By Roger Lane | Go to book overview

Part II
OCCUPATIONS AND MAKING A LIVING

The intention of the next several chapters is to tell much of the story of late-19th-century black Philadelphia through the history of its several occupational groups. An occupation in this sense, and especially an occupational history, is about a source of income but also about the conduct of a life, as "artist," "laborer," "lawyer," "laundress," "politician," or "teacher," and in many cases about the way in which each occupation shared and shaped the wider history of the community.

In purely economic terms the three most important things about that community are that it was poor, that it offered limited opportunities, and that both of these problems were directly related to racial discrimination.
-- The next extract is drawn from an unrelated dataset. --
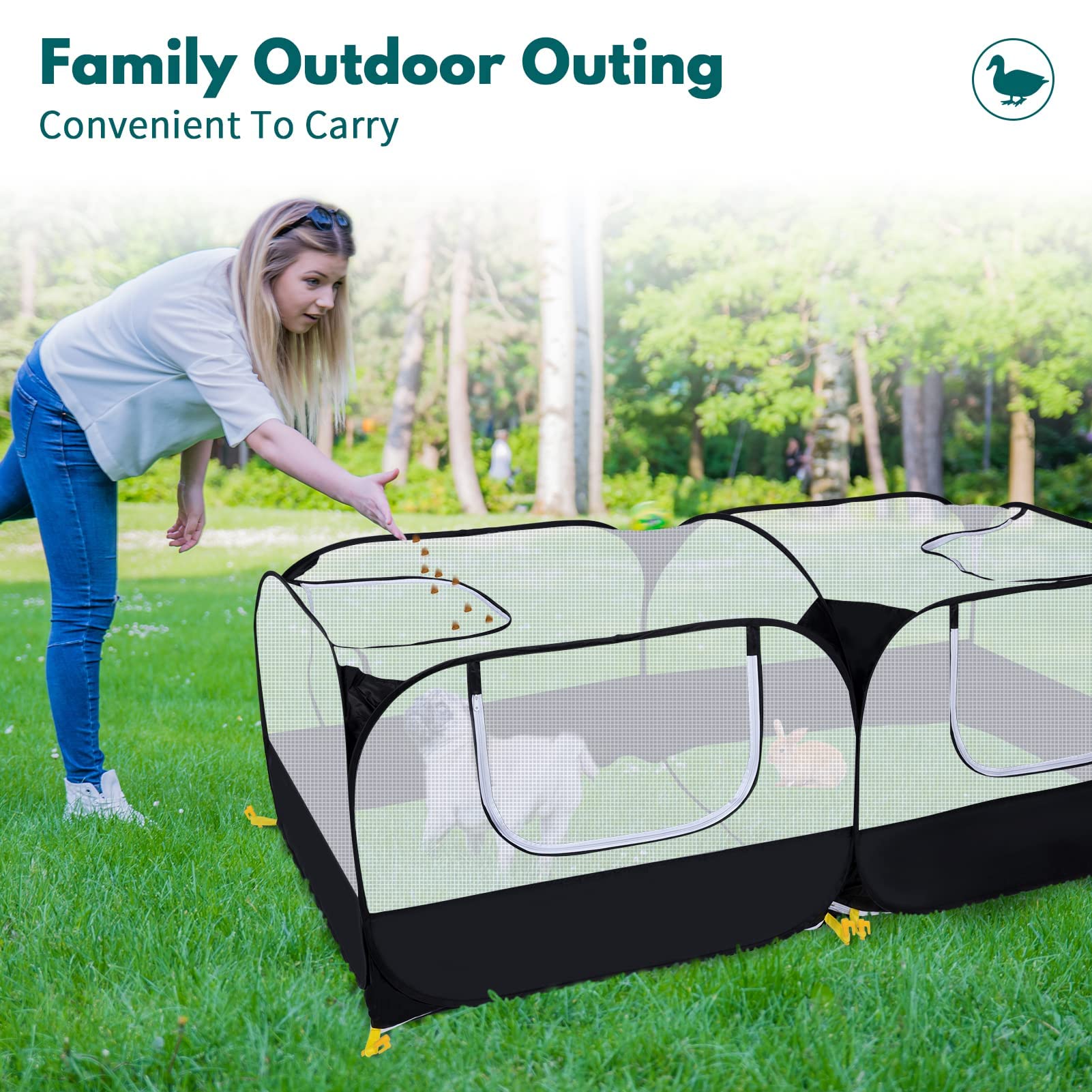 Ineariu zipper-covered playpen keeps pets inside and visible at a glance.
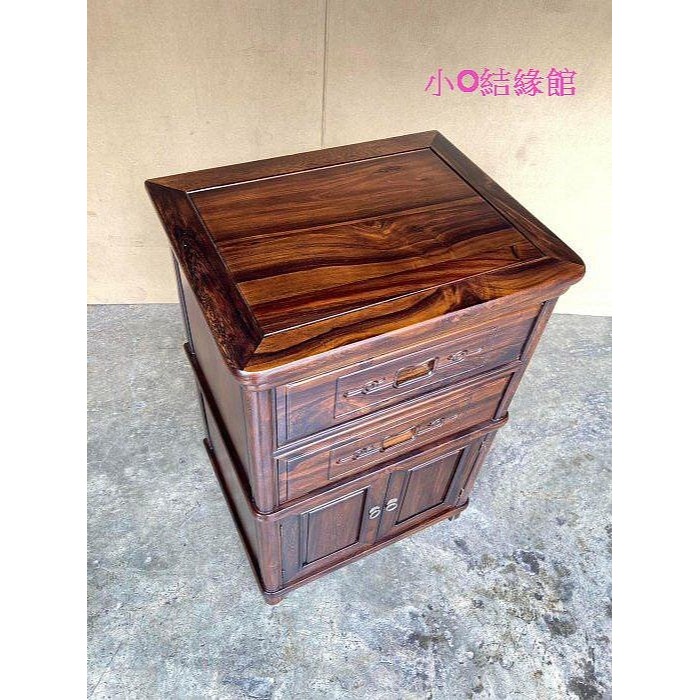 小o結緣館仿古傢俱.二抽二門雕刻櫃.飲水機櫃.床頭櫃.收纳櫃.邊几60x48x88-細節圖2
The poverty was shared with other groups, but the racial discrimination and the limited opportunities made the black experience unique from bottom to top. What united these extremes was that top and bottom both were shut out of the dominant development of the era, the urban-industrial revolution which was transforming the economy of Philadelphia and the nation.

The late 19th century was a golden age of city building everywhere, a time when the urban skyline was transformed by high-rise buildings born of structural steel, the work inside revolutionized by typewriters and telephones. In Philadelphia as elsewhere this was when businessmen and governments built the features, some of them now in decay, that for most of a century Americans associated with urbanity itself: electric streetcars and zoos, ballparks and department stores, universities and museums.